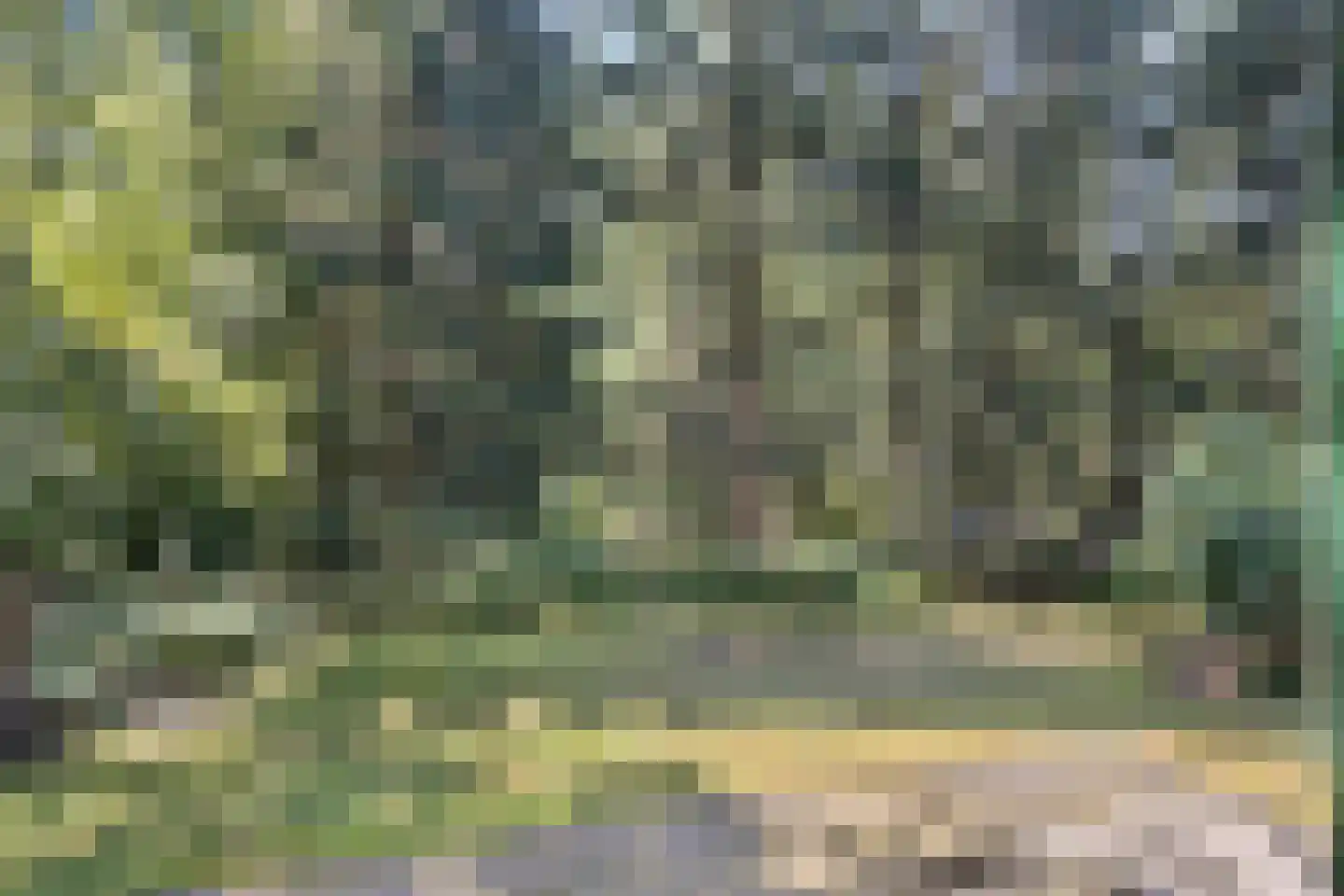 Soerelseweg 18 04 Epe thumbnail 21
═══
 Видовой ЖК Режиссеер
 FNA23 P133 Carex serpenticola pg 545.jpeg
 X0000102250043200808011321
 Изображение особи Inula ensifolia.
═══
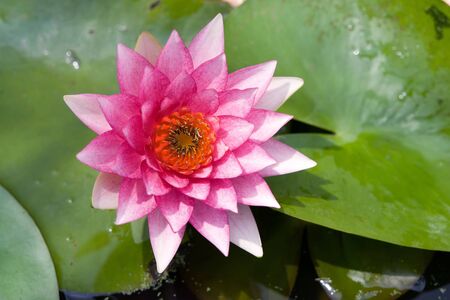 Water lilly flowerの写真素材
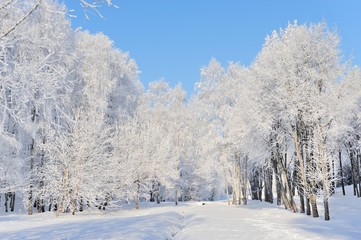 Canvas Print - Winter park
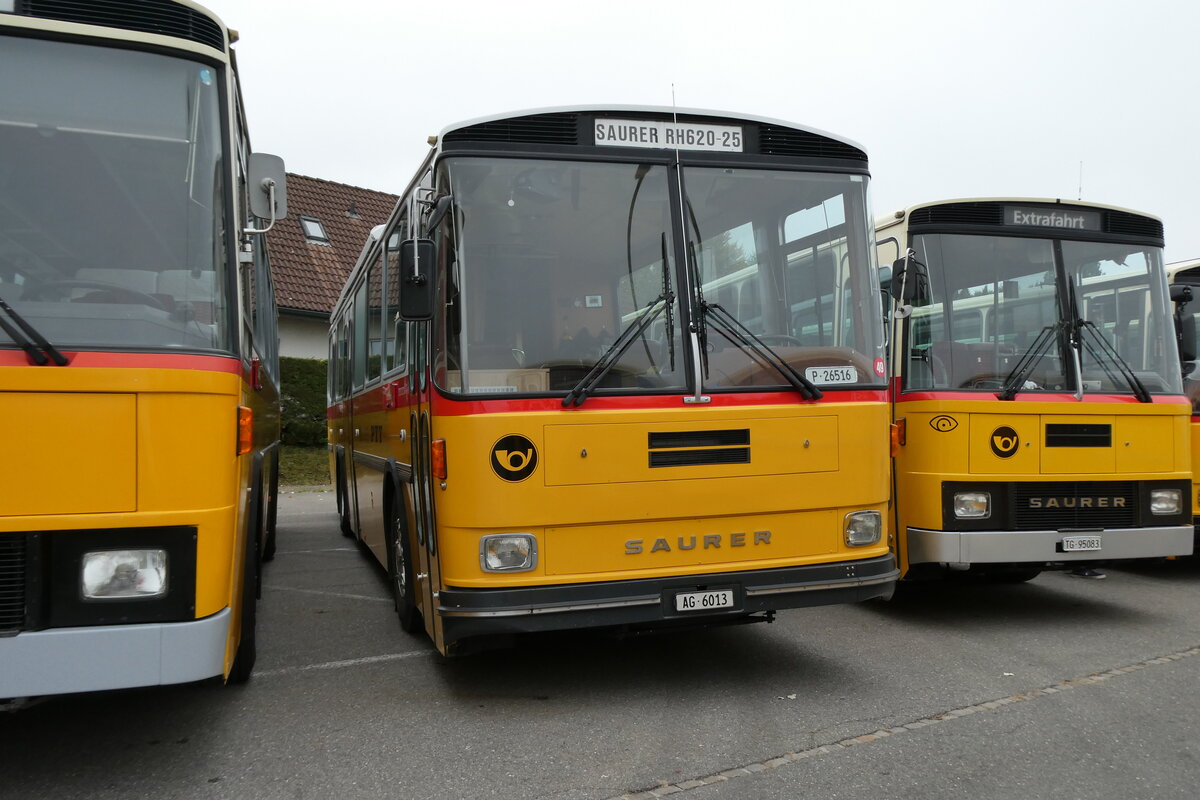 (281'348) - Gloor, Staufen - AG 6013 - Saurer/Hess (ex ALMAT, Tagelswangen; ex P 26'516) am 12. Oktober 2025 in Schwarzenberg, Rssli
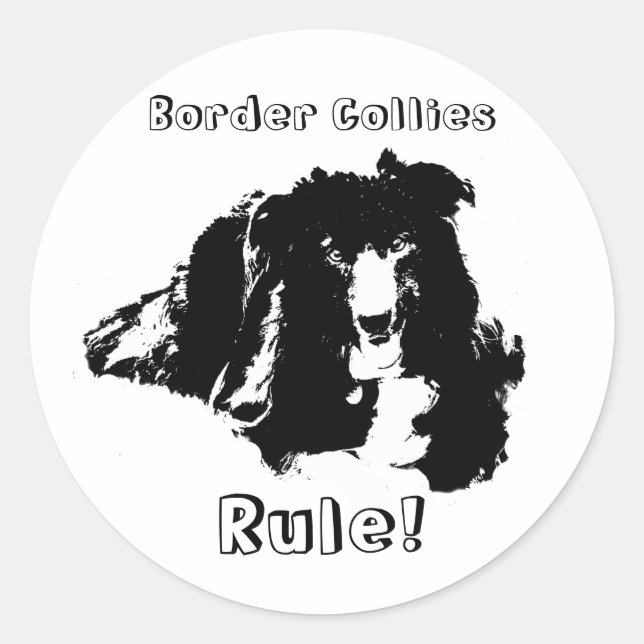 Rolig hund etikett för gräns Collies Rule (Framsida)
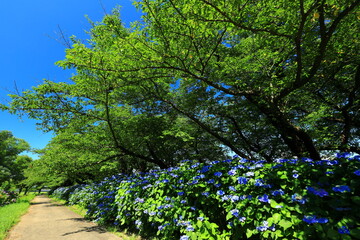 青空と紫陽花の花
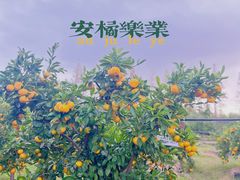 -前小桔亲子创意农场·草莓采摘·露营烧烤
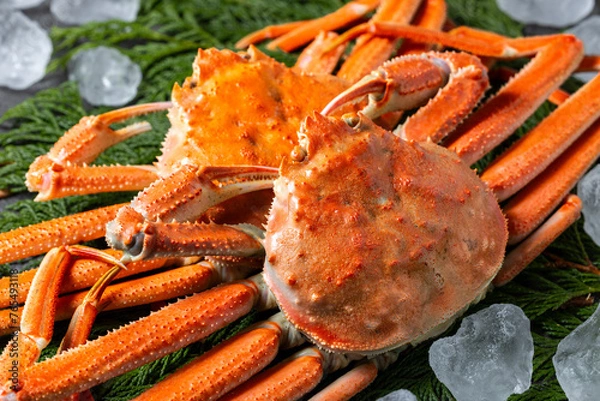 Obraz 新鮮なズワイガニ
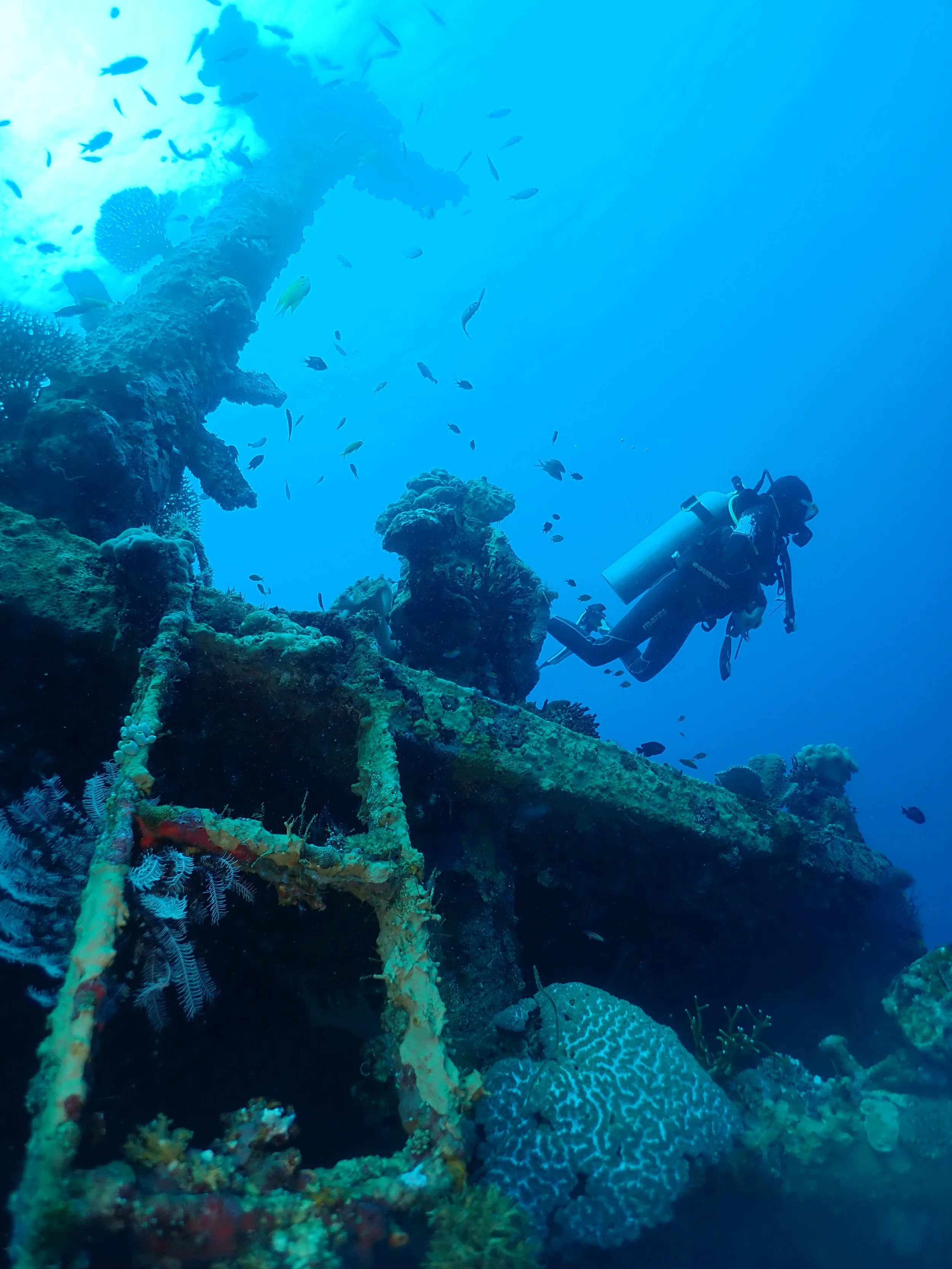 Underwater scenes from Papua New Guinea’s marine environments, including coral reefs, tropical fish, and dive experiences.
═══
§ **What needs to be done**
Leaving out the pictures, please output the lines in the entries above from the one with "Rolig hund etikett" through the one with "Underwater scenes from", exactly as they are.

§ **Reply**
 Rolig hund etikett för gräns Collies Rule (Framsida)
 青空と紫陽花の花
 -前小桔亲子创意农场·草莓采摘·露营烧烤
 Obraz 新鮮なズワイガニ
 Underwater scenes from Papua New Guinea’s marine environments, including coral reefs, tropical fish, and dive experiences.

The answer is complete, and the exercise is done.